Biology » Chemical Foundation of Life » Atoms, Isotopes, Ions and Molecules: The Building Blocks

Hydrogen Bonds

Ionic and covalent bonds between elements require energy to break. Ionic bonds are not as strong as covalent, which determines their behavior in biological systems. However, not all bonds are ionic or covalent bonds. Weaker bonds can also form between molecules.

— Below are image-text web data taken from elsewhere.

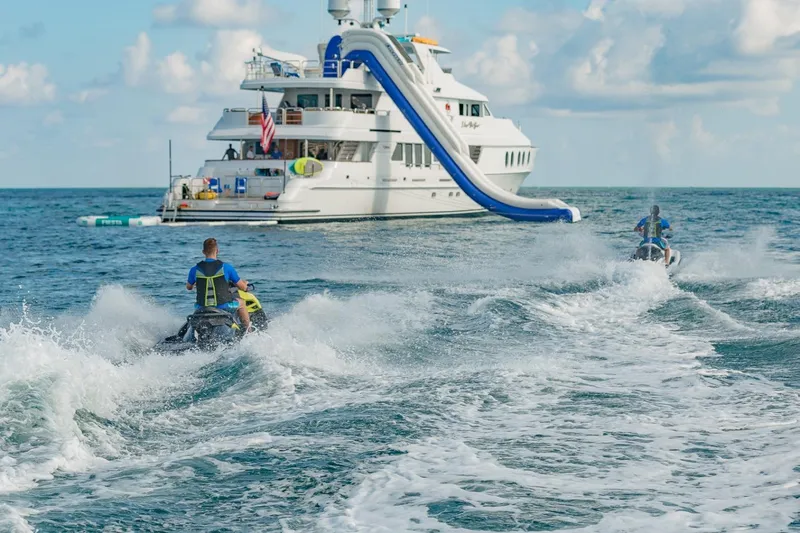 I Love This Boat Yacht Photos Pics Jet skis near 2002 Christensen Tri Deck yacht with slide on ocean.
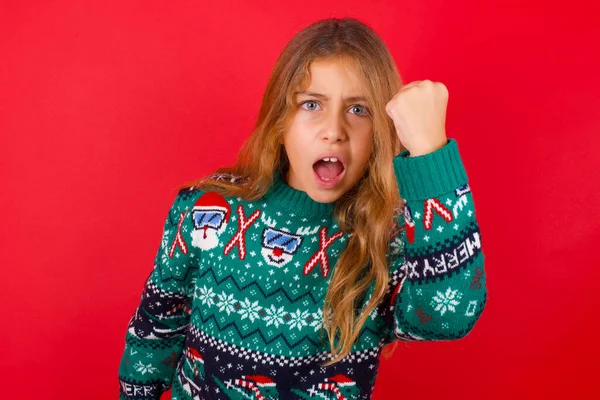 Fierce Brunette Kid Girl Knitted Sweater Christmas Red Background Holding — Stock Photo, Image
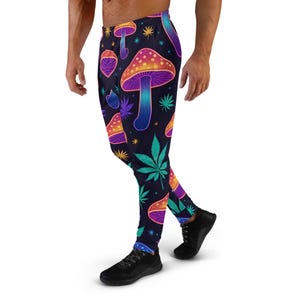 Könnte beinhalten: Schwarze Jogginghose mit einem lebendigen, psychedelischen Muster. Das Design zeigt bunte Pilze, Cannabisblätter und Sterne auf einem dunkelblauen Hintergrund. Die Jogginghose hat eine figurbetonte Passform mit bequemem Bund und Bündchen.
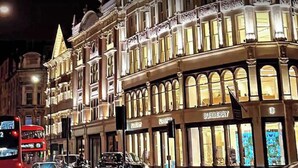 A brightly lit building with a storefront labeled "BURBERRY."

Two weak bonds that occur frequently are hydrogen bonds and van der Waals interactions. Without these two types of bonds, life as we know it would not exist. Hydrogen bonds provide many of the critical, life-sustaining properties of water and also stabilize the structures of proteins and DNA, the building block of cells.

Hydrogen Bond

When polar covalent bonds containing hydrogen form, the hydrogen in that bond has a slightly positive charge. This is because hydrogen’s electron is pulled more strongly toward the other element and away from the hydrogen. Because the hydrogen is slightly positive, it is attracted to neighboring negative charges. When this happens, a weak interaction occurs between the δ+of the hydrogen from one molecule and the δ charge on the more electronegative atoms of another molecule, usually oxygen or nitrogen, or within the same molecule. This interaction is called a hydrogen bond.

hydrogen-bond

Simulation of hydrogen bonds in liquid water. Image Attribution: Thomas Splettstoesser via Wikimedia Commons (CC BY-SA 3.0 license)

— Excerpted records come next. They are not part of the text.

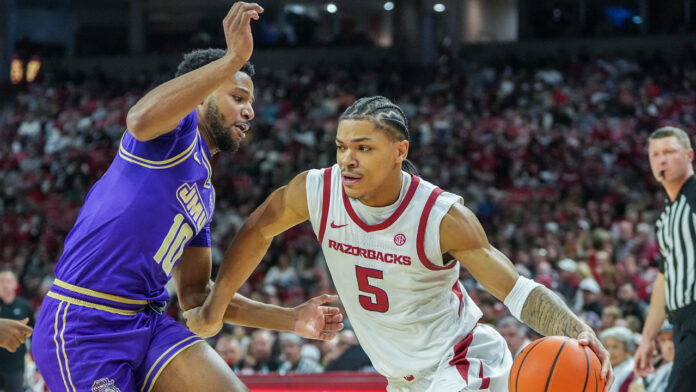 Arkansas Razorbacks guard Darius Acuff, Jr., driving against the James Madison Dukes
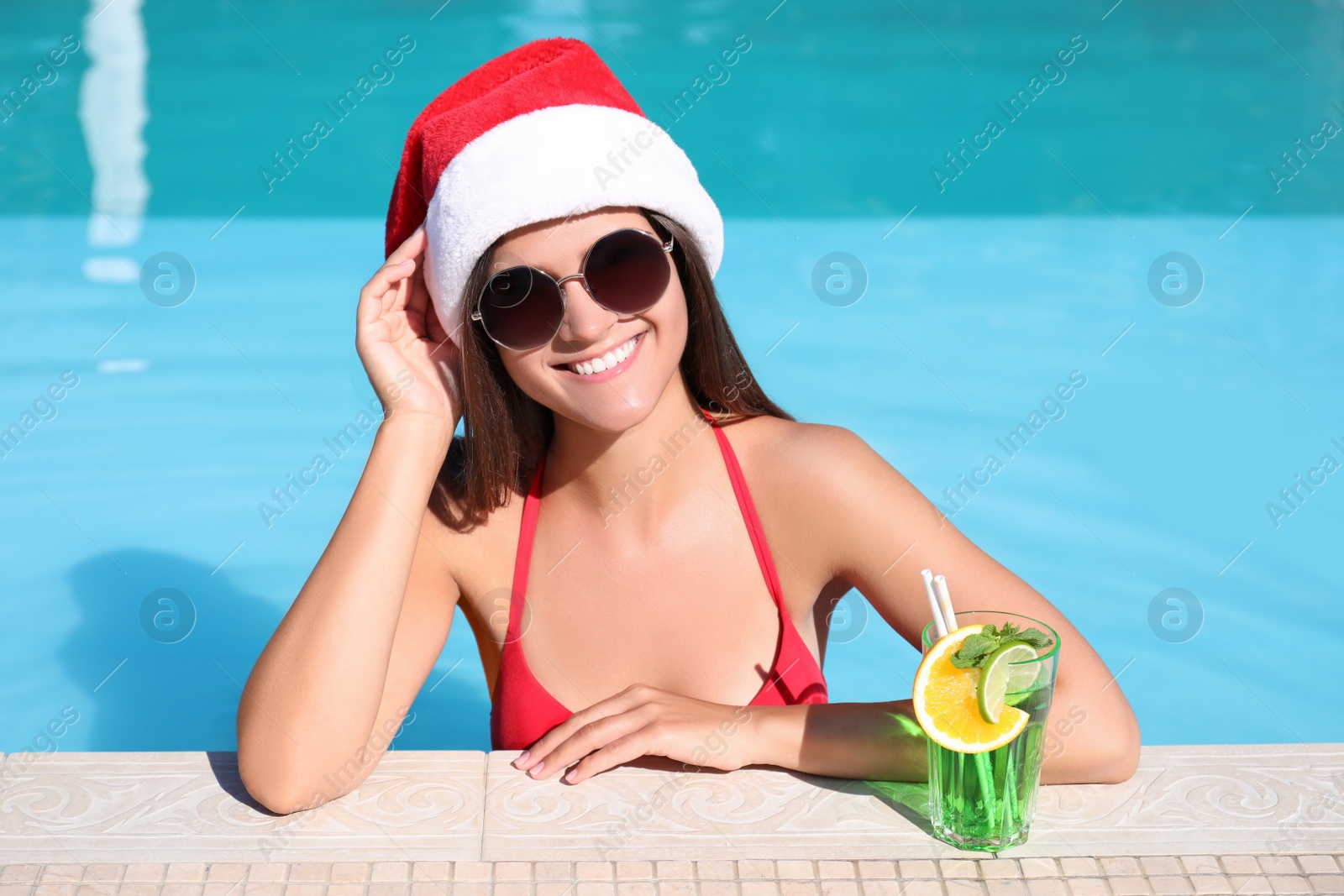 Photo of Young woman wearing Santa Claus hat with refreshing drink in swimming pool. Christmas vacation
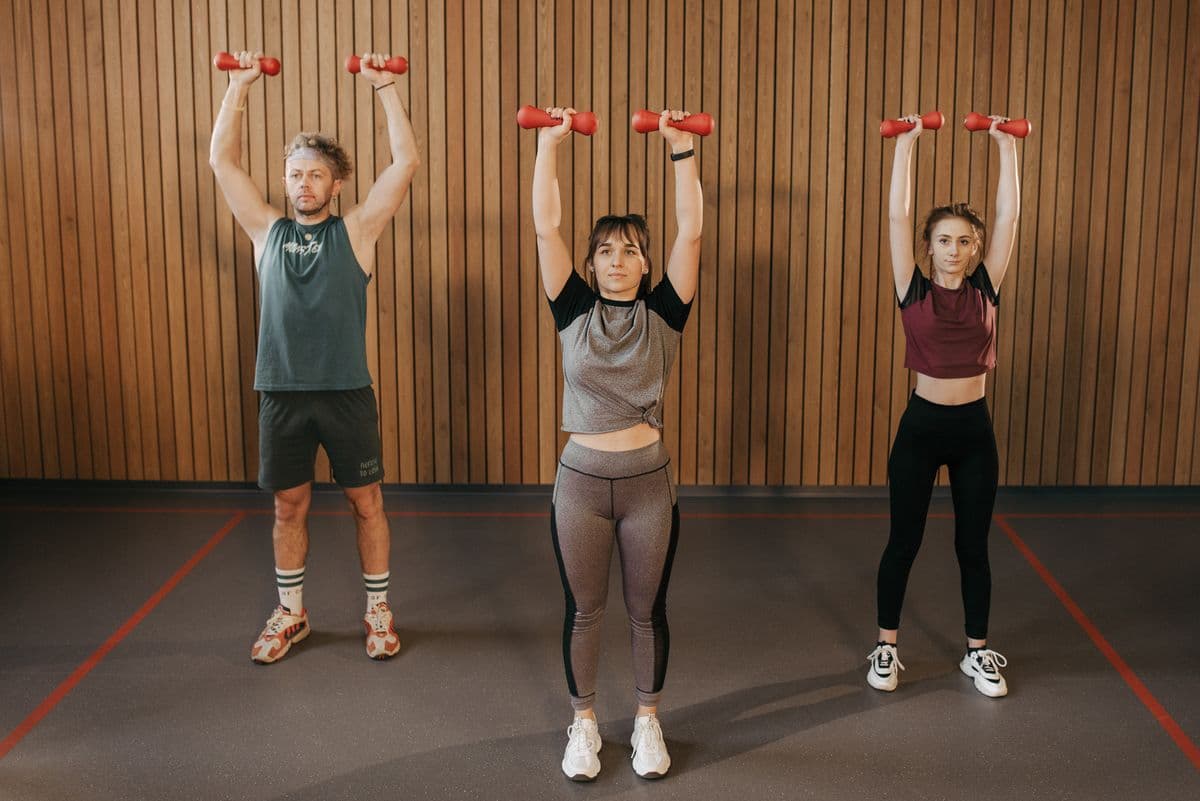 Three members pressing dumbbells overhead together during a group class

This type of bond is common and occurs regularly between water molecules. Individual hydrogen bonds are weak and break easily; however, they occur in very large numbers in water and in organic polymers, creating a major force in combination. Hydrogen bonds are also responsible for zipping together the DNA double helix.

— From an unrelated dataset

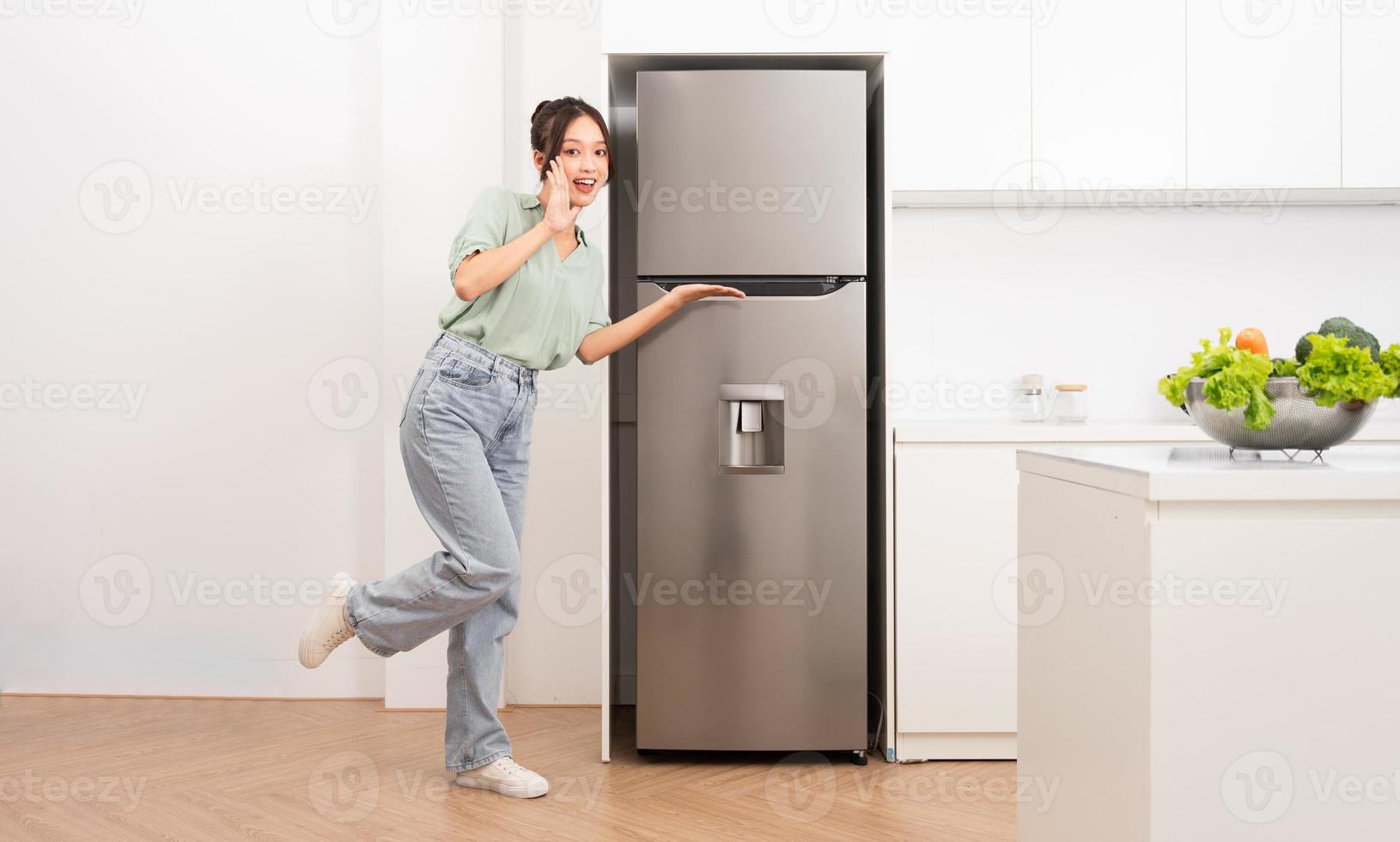 asiatisch Frau Stehen Nächster zu das Kühlschrank im das Küche foto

Van Der Waals Interactions

Like hydrogen bonds, van der Waals interactions are weak attractions or interactions between molecules. Van der Waals attractions can occur between any two or more molecules and are dependent on slight fluctuations of the electron densities, which are not always symmetrical around an atom.

For these attractions to happen, the molecules need to be very close to one another. These bonds—along with ionic, covalent, and hydrogen bonds—contribute to the three-dimensional structure of the proteins in our cells that is necessary for their proper function.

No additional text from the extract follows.